Purpose of the Study:
- To propose a novel reinforcement learning (RL) framework for joint resource allocation in V2V and V2N communications.
- To address the challenges of resource-constrained and dynamic vehicular network environments.
- To optimize resource blocks and transmission power for improved communication performance.
Main Methods:
- Developed a Graph Attention Network (GAT)-Advantage Actor-Critic (GAT-A2C) reinforcement learning framework.
- Constructed a graph representing V2V links and interference relationships, with V2V links as nodes and interference as edges.
- Utilized GAT to capture interference patterns and combined them with link characteristics for the RL environment state.
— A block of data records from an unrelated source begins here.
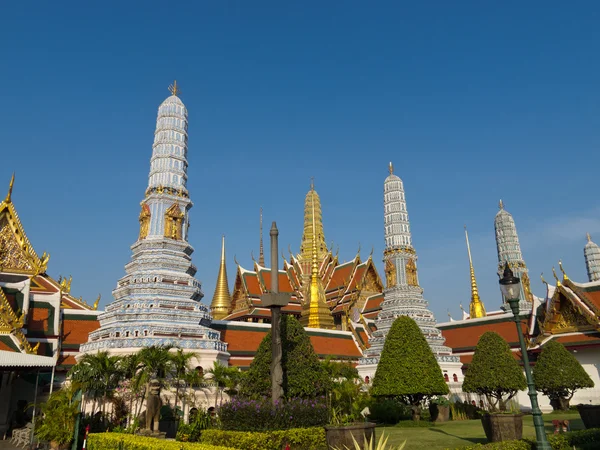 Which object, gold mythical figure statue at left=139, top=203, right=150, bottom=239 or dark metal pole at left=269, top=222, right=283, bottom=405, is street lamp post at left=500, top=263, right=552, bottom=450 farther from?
gold mythical figure statue at left=139, top=203, right=150, bottom=239

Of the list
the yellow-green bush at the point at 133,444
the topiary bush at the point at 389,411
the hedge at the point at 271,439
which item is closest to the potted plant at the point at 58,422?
the yellow-green bush at the point at 133,444

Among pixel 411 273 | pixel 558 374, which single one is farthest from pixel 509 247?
pixel 558 374

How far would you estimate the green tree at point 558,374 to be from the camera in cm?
2228

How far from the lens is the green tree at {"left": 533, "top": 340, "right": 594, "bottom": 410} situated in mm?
22281

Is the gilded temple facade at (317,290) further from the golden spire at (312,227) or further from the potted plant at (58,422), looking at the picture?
the potted plant at (58,422)

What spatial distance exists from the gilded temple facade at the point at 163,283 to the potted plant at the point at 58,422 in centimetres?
562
- Employed the RL agent to jointly optimize resource blocks allocation and transmission power for V2V and V2N.
Main Results:
- The GAT-A2C framework significantly improved V2N data rates.
- The proposed method substantially increased V2V communication success ratios across various vehicle densities.
- Demonstrated substantial improvements in both V2N rates and V2V communication success ratios.
Conclusions:
- The GAT-A2C approach offers a promising solution for resource allocation in intelligent vehicular networks.
- The framework exhibits strong scalability for future large-scale, dynamic traffic scenarios.
- Effective joint optimization of V2V and V2N resources is achievable with advanced RL techniques.